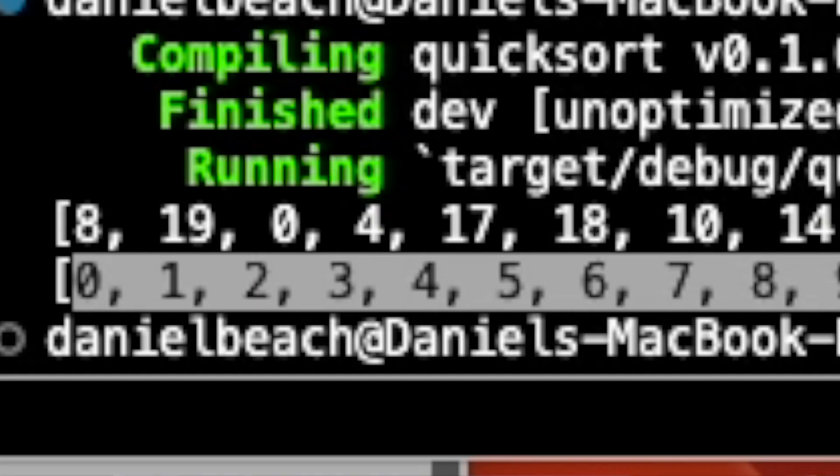We should be able to run `cargo run` now — and there you have it. You can see on the top is our unordered array and on the bottom we have our ordered array. Quicksort — you'd probably never use this directly, but it's a great way to learn recursion and think about breaking a problem down into its smallest parts. We pick the first item as a pivot, split everything into left and right, and then recursion takes care of ordering those sub-lists.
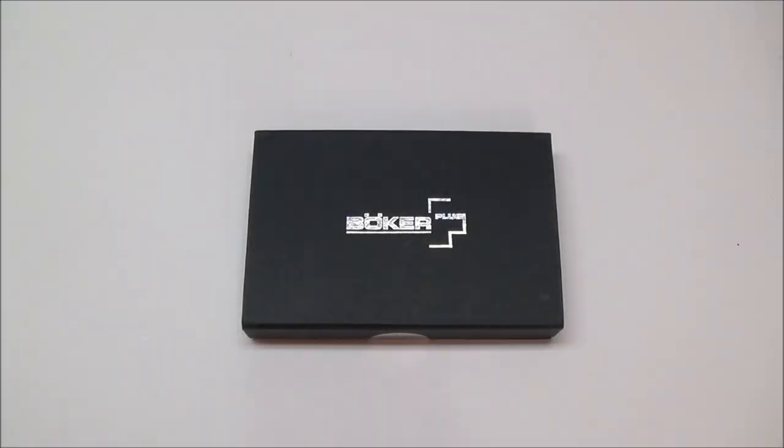Hey guys, what's going on? Sherman here. It's been a while since I've done an unboxing, but I got this new knife in the mail, and it's a fairly new knife anyway. I just thought I'd come out here, turn the camera on, and do a quick unpackaging.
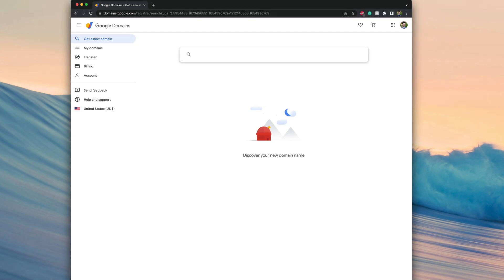Hey YouTube, Captain Tech here. In today's video I'll walk you through how to transfer domains from Google Domains to Squarespace.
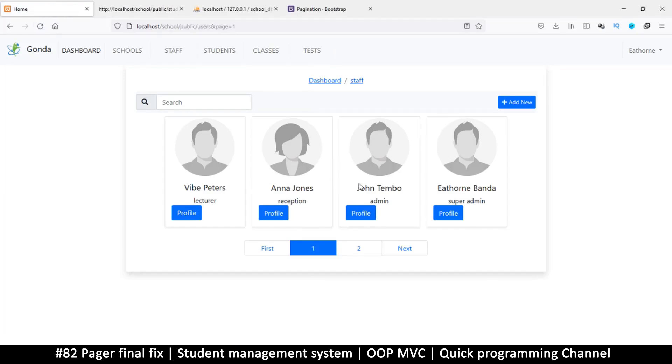That's how easy it is to paginate anything else in the system. This is all good. I'll see you in the next video.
● ● ●
* [Prompt] Copy out exactly the lines that run from the line containing "Hey YouTube, Captain" through the last line of the material, and nothing more; omit the pictures.

* [Task output]
Hey YouTube, Captain Tech here. In today's video I'll walk you through how to transfer domains from Google Domains to Squarespace.
That's how easy it is to paginate anything else in the system. This is all good. I'll see you in the next video.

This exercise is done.